GIUSTINO, Pinchgut Opera at the City Recital Hall, Angel Place, 25-31 May 2023. Photography by Cassandra Hannagan: above - Nicholas Tamagna and oxen; below - Madeleine Pierard and Lauren Lodge-Campbell; below again - Chloe Lankshear and Russell Harcourt

Venetian audiences of 1683 adored Giovanni Legrenzi’s Giustino not only for his music but also for the rollicking story. The libretto, by Nicolò Beregan, was (very loosely) based on the true story of Emperor Justin I of Byzantium (518 to 527) whose rise to the top took him from peasant ploughman to imperium via law reform and anti-corruption. Beregan added a marauding sea monster and internecine wars and betrayals to that otherwise rather dry reign and the result is two and a half hours of colourful drama with a leavening of humour and lots of love in all its forms.

Musical theatre maven Dean Bryant makes his directorial debut for Pinchgut with a witty and lucid production. He guides the singers into fashioning three-dimensional human characters while grappling effortlessly with the intricate new territory of music rarely performed since Legrenzi’s time. The result is a visual and musical celebration that had the opening night audience stomping its appreciation.

And all this despite threats of execution, betrayal and a stage direction that has the beautiful Eufemia (Lauren Lodge-Campbell) entering in high alarm “inseguita da un uomo selvaggio” – “pursued by a wild man” but which here is made into a huge, rapacious bear. This creature is brought to comic life by four puppeteers. They also perform as Giustino’s plough-pulling and touchingly empathic oxen in the opening scenes, as well as a benign war elephant and the sea monster. He, or they/them, who knows, is actually a giant Anglerfish whose prey-tempting lamp dangles wildly above jaws large enough to swallow the empress Arianna (Madeleine Pierard) in one dreadful gulp. Except she is rescued by heroic Giustino (Nicholas Tamagna). Illustrating that nothing changes when it comes to bad sex, and feminism was ever-present, a while later,Eufemia escapes by her own efforts the would-be coercively-controlling clutches of Vitaliano “Tyrant of Asia Minor” (Owen Willetts).

GIUSTINO

Mistaken identity and being in love with the wrong person have been staples of theatre and opera for centuries and so it is in Giustino. While the omnipresent goddess Fortuna (Chloe Lankshear) observes and comments on human foibles, Andronico (Russell Harcourt) disguises himself as Flavia in order to gain entry to the palace and then court a resolutely unimpressed Eufemia. This could be because Flavia’s all-enveloping pink garment is reminiscent of Hyacinth Bucket’s dressing gown, although not nearly as sexy. In any event Andronico is as appealing as the scheming wretch Amanzio (Louis Hurley). His machinations are designed to set lovers and brothers in opposition and to wrest crowns from rightful heads. In his sleek paleness he could be related to Draco Malfoy, and just as sinister.

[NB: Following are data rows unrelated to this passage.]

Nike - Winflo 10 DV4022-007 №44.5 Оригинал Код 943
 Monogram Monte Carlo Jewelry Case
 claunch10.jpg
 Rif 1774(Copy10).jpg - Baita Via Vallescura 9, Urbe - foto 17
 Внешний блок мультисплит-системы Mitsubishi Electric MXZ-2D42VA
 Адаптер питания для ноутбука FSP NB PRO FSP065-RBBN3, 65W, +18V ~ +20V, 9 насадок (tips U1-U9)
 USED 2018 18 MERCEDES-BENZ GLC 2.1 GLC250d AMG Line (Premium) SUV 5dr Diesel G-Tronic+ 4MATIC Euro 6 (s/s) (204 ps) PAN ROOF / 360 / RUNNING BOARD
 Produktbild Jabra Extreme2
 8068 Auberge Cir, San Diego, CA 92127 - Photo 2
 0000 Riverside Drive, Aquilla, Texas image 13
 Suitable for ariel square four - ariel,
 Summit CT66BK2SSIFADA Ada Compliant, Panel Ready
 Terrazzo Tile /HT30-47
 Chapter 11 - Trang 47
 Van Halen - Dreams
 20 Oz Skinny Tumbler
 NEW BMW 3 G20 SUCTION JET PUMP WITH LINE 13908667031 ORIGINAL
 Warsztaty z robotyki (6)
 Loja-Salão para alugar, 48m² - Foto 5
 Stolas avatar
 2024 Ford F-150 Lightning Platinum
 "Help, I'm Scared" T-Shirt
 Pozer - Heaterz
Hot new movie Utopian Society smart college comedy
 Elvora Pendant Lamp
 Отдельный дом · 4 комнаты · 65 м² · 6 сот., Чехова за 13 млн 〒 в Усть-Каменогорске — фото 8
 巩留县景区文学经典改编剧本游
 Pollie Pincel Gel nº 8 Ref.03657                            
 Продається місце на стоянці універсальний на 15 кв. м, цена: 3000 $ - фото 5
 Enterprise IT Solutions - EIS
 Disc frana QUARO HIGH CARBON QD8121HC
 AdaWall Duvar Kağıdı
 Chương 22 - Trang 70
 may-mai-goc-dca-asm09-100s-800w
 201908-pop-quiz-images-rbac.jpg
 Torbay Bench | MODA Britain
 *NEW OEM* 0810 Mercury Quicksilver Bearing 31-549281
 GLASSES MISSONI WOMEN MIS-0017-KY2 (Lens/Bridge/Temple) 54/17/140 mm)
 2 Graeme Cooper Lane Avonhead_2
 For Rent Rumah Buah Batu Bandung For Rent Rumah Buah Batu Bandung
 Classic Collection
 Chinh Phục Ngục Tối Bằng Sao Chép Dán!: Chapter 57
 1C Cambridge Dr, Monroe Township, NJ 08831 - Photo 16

Costume designer Melanie Liertz clearly had fun with the quasi-medieval gear in which the protagonists get about on set designer Jeremy Allen’s simple staging of painted backdrop – misty mountains and forests – with an Escher-like stairs-and platform structure that becomes throne, church steeple, shipwreck island and so on as it’s wheeled about an otherwise empty stage; all lit atmospherically and strategically by Damien Cooper.

It must be said, in the interests of the fashionable Trigger Warning, that the Sea Monster, the Bear and their human counterparts are not only thwarted but also forgiven and, where appropriate, redeemed. Redemption mainly comes in the form of music that is elaborately of the period – with Erin Helyard conducting the Orchestra of the Antipodes from the harpsichord – yet is flush with the sustained melodies (some 70 arias throughout) most often associated with much later music.

GIUSTINO

This production also famously features three countertenors in Tamagna, Willetts and Harcourt. Such an extravagance of soaring voices might be overwhelming – particularly Nicholas Tamagna whose sonorous tones are uncommonly rich and rounded – if it were not for Madeleine Pierard’s commanding power and exquisite voice. Chloe Lankshear and Lauren Lodge-Campbell are also formidable in their different ways. In truth, there isn’t a weak link in the cast with glorious tenor Jacob Lawrence (Anastasio) holding his own and Andrew O’Connor as factotum Polimante anchoring with his sumptuous bass.

Sometimes we discover that a “forgotten treasure” was forgotten for good reason, but this isn’t so with Giustino. Led to electrifying effect by the divine Nicholas Tamagna and Madeleine Pierard, this is a production that anyone interested in sea monsters and pathbreaking early opera should rush to see. Recommended without reservation.